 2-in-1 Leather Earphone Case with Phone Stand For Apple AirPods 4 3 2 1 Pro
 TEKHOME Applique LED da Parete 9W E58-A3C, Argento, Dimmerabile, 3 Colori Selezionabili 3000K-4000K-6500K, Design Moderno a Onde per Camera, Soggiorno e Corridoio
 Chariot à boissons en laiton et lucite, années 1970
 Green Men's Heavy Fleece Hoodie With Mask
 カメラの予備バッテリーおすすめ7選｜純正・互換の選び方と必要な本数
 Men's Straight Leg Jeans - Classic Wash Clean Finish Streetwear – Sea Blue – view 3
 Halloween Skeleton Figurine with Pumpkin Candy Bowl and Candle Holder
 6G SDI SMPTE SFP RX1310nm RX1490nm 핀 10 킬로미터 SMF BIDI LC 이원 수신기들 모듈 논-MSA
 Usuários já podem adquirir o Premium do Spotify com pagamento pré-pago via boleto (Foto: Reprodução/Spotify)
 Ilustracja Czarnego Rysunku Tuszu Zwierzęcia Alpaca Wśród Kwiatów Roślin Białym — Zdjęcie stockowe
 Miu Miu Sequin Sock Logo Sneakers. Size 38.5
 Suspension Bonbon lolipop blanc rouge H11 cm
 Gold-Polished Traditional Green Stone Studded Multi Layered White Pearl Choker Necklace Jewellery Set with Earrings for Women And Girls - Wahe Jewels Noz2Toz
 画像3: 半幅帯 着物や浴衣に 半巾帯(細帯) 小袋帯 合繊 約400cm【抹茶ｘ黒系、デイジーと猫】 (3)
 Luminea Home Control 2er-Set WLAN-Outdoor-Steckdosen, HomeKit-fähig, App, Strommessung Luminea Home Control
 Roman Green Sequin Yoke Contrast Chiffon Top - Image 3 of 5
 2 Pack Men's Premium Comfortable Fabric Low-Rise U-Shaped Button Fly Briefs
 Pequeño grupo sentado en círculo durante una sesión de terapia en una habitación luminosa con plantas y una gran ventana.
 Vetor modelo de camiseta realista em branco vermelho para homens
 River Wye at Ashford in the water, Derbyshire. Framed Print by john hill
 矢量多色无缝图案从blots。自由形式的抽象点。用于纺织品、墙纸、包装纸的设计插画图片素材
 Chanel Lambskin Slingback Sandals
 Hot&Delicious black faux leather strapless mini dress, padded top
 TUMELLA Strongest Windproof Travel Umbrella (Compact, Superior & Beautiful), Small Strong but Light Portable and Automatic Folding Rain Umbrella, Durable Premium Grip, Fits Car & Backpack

**Exercise requirements:**
Your task is to reproduce all the data exactly as shown.

**Answer below:**
 2-in-1 Leather Earphone Case with Phone Stand For Apple AirPods 4 3 2 1 Pro
 TEKHOME Applique LED da Parete 9W E58-A3C, Argento, Dimmerabile, 3 Colori Selezionabili 3000K-4000K-6500K, Design Moderno a Onde per Camera, Soggiorno e Corridoio
 Chariot à boissons en laiton et lucite, années 1970
 Green Men's Heavy Fleece Hoodie With Mask
 カメラの予備バッテリーおすすめ7選｜純正・互換の選び方と必要な本数
 Men's Straight Leg Jeans - Classic Wash Clean Finish Streetwear – Sea Blue – view 3
 Halloween Skeleton Figurine with Pumpkin Candy Bowl and Candle Holder
 6G SDI SMPTE SFP RX1310nm RX1490nm 핀 10 킬로미터 SMF BIDI LC 이원 수신기들 모듈 논-MSA
 Usuários já podem adquirir o Premium do Spotify com pagamento pré-pago via boleto (Foto: Reprodução/Spotify)
 Ilustracja Czarnego Rysunku Tuszu Zwierzęcia Alpaca Wśród Kwiatów Roślin Białym — Zdjęcie stockowe
 Miu Miu Sequin Sock Logo Sneakers. Size 38.5
 Suspension Bonbon lolipop blanc rouge H11 cm
 Gold-Polished Traditional Green Stone Studded Multi Layered White Pearl Choker Necklace Jewellery Set with Earrings for Women And Girls - Wahe Jewels Noz2Toz
 画像3: 半幅帯 着物や浴衣に 半巾帯(細帯) 小袋帯 合繊 約400cm【抹茶ｘ黒系、デイジーと猫】 (3)
 Luminea Home Control 2er-Set WLAN-Outdoor-Steckdosen, HomeKit-fähig, App, Strommessung Luminea Home Control
 Roman Green Sequin Yoke Contrast Chiffon Top - Image 3 of 5
 2 Pack Men's Premium Comfortable Fabric Low-Rise U-Shaped Button Fly Briefs
 Pequeño grupo sentado en círculo durante una sesión de terapia en una habitación luminosa con plantas y una gran ventana.
 Vetor modelo de camiseta realista em branco vermelho para homens
 River Wye at Ashford in the water, Derbyshire. Framed Print by john hill
 矢量多色无缝图案从blots。自由形式的抽象点。用于纺织品、墙纸、包装纸的设计插画图片素材
 Chanel Lambskin Slingback Sandals
 Hot&Delicious black faux leather strapless mini dress, padded top
 TUMELLA Strongest Windproof Travel Umbrella (Compact, Superior & Beautiful), Small Strong but Light Portable and Automatic Folding Rain Umbrella, Durable Premium Grip, Fits Car & Backpack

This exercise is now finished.